Danilo: Com Jackson é o melhor jogador do Porto na 1ª parte. Compensa o decréscimo de intensidade colectivo na procura e condução de bola com o aumento da sua agressividade habitual na disputa e implicando-se nas zonas de ataque.
É o tipo de jogador analista. Ele lê o jogo como nós vemos na TV e dá à equipa aquilo que acha que lhe está a falhar.
2.º melhor jogador do Porto na tarde de hoje.

Maicon:  Parece que encontrou o parceiro certo. O estilo autoritário e mandão de Maicon casa bem com o recato e a manhosice de Indi.

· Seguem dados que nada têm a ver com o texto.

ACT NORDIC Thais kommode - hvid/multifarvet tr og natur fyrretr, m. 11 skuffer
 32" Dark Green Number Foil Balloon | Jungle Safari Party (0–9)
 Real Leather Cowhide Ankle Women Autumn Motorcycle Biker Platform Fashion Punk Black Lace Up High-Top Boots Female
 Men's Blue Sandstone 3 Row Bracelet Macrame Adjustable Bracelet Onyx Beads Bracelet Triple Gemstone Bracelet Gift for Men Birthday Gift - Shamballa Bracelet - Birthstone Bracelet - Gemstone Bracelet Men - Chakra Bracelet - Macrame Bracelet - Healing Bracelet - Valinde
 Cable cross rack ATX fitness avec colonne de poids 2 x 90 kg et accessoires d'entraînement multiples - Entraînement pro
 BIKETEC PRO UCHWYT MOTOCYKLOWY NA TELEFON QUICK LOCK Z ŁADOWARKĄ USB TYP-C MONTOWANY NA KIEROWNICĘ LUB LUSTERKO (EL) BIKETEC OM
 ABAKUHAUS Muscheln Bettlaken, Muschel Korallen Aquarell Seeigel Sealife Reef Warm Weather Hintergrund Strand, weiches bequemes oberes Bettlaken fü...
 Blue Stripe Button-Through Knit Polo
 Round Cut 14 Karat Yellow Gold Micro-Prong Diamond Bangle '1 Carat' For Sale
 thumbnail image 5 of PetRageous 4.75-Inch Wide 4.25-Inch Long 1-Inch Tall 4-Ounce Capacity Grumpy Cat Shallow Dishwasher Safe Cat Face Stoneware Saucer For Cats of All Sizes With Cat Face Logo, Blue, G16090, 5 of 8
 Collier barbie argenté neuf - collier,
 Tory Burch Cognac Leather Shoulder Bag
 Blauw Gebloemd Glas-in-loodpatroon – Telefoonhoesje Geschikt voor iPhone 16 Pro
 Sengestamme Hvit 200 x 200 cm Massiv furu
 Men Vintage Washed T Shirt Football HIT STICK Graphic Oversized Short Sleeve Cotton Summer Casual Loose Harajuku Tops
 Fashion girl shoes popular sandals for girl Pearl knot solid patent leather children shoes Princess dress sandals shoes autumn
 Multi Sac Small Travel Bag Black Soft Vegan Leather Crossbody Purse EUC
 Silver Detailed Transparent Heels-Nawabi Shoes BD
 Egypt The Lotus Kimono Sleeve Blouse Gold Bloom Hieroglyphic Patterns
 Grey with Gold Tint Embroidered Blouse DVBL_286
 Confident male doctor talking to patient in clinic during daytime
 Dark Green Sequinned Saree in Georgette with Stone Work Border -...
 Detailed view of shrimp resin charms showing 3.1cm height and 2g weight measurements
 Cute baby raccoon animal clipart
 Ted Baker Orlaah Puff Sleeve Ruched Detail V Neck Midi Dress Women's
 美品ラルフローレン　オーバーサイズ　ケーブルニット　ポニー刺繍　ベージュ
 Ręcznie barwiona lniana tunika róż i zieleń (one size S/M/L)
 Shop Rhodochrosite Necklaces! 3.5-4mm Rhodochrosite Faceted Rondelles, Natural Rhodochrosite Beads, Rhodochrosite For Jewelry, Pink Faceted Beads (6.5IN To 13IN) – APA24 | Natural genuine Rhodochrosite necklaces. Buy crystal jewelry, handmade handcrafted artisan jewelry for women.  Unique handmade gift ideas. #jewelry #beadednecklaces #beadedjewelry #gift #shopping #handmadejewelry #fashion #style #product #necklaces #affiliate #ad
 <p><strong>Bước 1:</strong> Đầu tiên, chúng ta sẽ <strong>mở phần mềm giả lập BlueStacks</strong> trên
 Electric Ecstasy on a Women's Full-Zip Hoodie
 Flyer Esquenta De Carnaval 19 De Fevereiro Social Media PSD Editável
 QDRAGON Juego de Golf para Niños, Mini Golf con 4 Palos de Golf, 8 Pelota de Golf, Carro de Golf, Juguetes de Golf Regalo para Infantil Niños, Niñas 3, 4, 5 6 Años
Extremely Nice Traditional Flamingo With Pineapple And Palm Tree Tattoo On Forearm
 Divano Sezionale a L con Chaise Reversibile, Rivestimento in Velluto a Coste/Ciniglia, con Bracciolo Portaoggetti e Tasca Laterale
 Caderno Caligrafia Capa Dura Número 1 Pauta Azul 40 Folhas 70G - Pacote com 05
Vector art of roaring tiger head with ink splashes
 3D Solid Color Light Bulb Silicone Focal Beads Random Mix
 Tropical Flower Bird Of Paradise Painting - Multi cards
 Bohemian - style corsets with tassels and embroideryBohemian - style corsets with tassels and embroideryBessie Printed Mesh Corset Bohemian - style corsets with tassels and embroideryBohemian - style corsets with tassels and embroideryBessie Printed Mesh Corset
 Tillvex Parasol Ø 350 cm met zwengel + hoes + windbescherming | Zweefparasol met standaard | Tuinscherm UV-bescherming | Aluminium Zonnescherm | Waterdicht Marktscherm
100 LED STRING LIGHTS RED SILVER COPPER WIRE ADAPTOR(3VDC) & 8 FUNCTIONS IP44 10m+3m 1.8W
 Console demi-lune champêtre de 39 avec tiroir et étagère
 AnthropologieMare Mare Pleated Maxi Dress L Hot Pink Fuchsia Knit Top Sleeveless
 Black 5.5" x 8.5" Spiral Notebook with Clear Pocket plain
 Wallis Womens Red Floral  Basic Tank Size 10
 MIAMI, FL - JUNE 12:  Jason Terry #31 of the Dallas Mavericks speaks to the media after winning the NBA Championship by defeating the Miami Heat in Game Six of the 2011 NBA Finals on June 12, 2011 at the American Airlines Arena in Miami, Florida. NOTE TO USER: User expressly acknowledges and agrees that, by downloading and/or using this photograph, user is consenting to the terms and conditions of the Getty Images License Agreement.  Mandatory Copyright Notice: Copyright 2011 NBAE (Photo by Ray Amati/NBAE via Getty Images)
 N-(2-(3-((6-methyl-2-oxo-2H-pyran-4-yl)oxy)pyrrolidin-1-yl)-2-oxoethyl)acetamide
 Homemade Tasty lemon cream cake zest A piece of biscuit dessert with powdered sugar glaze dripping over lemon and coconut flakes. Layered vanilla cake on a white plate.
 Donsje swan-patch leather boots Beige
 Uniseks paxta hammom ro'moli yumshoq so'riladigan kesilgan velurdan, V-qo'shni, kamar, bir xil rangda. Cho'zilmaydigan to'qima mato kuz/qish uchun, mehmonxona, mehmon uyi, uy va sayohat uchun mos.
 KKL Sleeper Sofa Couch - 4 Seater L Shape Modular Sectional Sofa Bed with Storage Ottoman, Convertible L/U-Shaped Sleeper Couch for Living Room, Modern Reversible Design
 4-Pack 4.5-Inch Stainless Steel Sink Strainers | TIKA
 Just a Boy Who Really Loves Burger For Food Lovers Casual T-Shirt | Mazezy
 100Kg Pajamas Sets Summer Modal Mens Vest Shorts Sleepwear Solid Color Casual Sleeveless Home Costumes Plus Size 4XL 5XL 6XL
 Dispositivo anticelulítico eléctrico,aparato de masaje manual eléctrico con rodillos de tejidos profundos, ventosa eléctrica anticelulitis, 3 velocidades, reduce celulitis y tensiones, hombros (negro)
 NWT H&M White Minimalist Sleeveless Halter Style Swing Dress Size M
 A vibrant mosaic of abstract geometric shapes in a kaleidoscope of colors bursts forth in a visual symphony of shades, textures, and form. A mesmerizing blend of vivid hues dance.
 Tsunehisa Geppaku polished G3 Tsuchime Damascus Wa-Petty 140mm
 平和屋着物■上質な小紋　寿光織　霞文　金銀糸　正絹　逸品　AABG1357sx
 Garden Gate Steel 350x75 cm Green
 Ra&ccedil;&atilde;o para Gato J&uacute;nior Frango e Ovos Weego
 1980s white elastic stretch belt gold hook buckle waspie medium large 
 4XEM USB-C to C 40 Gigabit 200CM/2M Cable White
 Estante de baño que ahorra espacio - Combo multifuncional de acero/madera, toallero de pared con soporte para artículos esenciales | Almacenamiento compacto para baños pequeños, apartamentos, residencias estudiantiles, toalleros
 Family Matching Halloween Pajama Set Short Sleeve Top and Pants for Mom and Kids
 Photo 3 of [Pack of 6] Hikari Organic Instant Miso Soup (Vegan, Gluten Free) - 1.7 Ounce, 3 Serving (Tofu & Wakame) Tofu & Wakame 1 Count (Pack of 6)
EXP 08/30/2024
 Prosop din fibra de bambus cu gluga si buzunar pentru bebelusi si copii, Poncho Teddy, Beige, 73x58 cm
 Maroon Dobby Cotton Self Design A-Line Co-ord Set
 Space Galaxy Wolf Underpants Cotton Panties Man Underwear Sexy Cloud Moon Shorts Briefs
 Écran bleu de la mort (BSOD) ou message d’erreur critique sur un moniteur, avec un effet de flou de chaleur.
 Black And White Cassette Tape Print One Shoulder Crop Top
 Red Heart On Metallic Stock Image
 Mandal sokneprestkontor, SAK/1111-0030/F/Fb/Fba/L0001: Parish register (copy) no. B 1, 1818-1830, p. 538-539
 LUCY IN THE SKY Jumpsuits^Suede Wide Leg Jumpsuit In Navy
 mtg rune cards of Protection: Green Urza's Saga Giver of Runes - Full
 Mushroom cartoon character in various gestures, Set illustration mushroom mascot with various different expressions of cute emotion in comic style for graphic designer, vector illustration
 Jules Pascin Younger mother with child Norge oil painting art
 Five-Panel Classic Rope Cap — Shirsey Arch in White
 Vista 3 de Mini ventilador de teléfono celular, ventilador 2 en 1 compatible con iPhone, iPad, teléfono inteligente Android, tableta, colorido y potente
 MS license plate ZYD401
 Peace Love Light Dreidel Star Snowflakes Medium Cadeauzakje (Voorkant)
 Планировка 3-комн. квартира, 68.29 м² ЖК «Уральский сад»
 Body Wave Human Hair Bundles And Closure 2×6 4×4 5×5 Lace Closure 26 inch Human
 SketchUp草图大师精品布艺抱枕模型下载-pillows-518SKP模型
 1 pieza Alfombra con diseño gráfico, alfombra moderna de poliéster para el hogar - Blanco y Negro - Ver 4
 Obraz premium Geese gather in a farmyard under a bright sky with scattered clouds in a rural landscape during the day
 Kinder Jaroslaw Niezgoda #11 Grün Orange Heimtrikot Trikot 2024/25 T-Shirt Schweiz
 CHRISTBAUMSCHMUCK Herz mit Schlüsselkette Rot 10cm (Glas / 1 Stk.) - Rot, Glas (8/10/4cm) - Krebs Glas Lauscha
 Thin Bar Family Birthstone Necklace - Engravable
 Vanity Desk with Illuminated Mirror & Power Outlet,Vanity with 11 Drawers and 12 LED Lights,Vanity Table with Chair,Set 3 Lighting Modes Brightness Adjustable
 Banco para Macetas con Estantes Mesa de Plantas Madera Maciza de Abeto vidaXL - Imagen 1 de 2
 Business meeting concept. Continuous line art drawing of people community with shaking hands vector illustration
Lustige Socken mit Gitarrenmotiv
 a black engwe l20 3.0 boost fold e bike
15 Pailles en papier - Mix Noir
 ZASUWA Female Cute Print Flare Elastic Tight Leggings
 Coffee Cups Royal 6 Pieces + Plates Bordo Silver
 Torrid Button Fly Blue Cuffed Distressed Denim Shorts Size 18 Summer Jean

A jogar assim é central para 30 milhões mas é preciso que fique claro que Martins Indi teria 40% dos direitos económicos dada a segurança que lhe dá. Rico fundo.

Martins Indi: O costume. Um relógio suiço Made in Barreiro e vendido em Roterdão.
Tranquilão, cara de mau e capaz de fazer o que é preciso. Trabalho sujo ou limpo é sempre trabalho.

José Angel: A primeira parte foi um susto. Quando o árbitro apita para o intervalo todos nós pensamos que Alex Sandro é Maradona tamanha a diferença entre a qualidade de um e a tremideira de outro.
A segunda parte foi muito boa. Mostrou que também sabe ser agressivo, que tem visão de jogo, que tem passe longo, que sabe ir à linha e apoiar.
O balanço entre o mau da 1ª parte e o bom da 2ª dá-lhe um suficiente. A rever.

Casemiro: Lopetegui fez-lhe a ele o que Casemiro fez a Ruben Neves na passada 3ª feira com aquele passe. Armadilhou-o.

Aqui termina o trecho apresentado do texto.